Nutritional Remedies for Endometriosis
Changes in diet and nutritional supplement intake may also help alleviate the pain from endometriosis. Some diet tips include:
- Avoiding caffeine, alcohol, and tobacco.
- Drinking six to eight glasses of water every day.
- Increasing intake of antioxidants like fruits and vegetables.
- Eating more lean meat and fewer red meat, as well as beans, tofu, and fish.
- Eliminating refined food and food that may potentially cause allergies. These include wheat, dairy, soy, corn, and preservatives.
- Using healthy cooking oils and avoiding sugar, salt, and trans fatty acids, such as those found in baked goods and processed food.

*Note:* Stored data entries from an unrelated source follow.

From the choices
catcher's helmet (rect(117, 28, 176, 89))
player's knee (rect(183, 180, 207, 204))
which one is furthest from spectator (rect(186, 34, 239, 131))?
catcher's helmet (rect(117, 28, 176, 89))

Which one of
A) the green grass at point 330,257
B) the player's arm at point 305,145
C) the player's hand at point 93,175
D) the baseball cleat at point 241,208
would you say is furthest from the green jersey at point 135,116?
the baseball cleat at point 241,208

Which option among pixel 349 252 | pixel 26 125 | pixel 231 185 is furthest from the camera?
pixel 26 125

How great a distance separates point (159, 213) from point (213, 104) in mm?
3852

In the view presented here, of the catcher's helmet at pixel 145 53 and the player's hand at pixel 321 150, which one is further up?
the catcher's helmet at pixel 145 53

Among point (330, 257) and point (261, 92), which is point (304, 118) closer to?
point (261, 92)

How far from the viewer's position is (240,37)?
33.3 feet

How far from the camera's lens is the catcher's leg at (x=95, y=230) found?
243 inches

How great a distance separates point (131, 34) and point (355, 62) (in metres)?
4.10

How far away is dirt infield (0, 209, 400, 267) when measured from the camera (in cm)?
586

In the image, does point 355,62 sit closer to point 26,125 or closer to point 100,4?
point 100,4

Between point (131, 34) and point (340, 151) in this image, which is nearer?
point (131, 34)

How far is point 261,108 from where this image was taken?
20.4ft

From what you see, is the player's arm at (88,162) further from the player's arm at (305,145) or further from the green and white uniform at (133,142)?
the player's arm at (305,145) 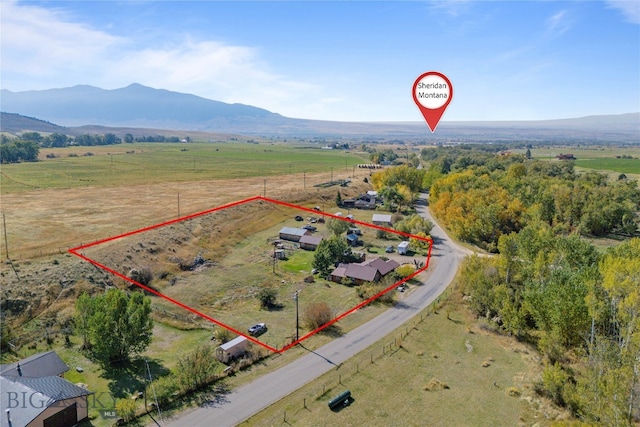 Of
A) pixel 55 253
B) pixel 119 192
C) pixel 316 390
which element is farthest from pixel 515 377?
pixel 119 192

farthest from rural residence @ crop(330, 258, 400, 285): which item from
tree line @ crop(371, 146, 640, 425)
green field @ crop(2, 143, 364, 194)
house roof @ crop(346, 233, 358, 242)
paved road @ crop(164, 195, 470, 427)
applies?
green field @ crop(2, 143, 364, 194)

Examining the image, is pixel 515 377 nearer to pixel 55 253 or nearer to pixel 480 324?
pixel 480 324

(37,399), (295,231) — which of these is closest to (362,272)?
(295,231)

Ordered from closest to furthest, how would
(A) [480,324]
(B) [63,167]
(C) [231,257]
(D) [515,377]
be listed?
(D) [515,377] < (A) [480,324] < (C) [231,257] < (B) [63,167]

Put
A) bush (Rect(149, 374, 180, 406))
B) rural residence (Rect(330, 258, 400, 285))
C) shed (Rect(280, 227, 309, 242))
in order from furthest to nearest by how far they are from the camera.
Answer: shed (Rect(280, 227, 309, 242)) → rural residence (Rect(330, 258, 400, 285)) → bush (Rect(149, 374, 180, 406))

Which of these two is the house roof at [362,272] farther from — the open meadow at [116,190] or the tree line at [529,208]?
the open meadow at [116,190]

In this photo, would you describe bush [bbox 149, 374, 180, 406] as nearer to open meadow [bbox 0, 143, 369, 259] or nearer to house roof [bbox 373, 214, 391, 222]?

- Taking nutritional supplements to make up for any deficiencies persisting in the body. Omega-3 fatty acids, vitamin C, probiotic supplements, coenzymes, alpha-lipoic acids, and other multivitamins can help balance out nutritional deficits that affect hormones and blood flow throughout the body.
- Taking herbal supplements for hormonal support and to improve blood flow. Some common herbs include evening primrose oil, chasteberry, cat’s claw, bromelain, and turmeric. Traditional Chinese medications, which contain numerous herbs, are also another alternative. It is important to consult with a doctor beforehand to figure out the proper and optimum dosage, as well as to ensure that no negative effects will come from taking these homeopathic supplements.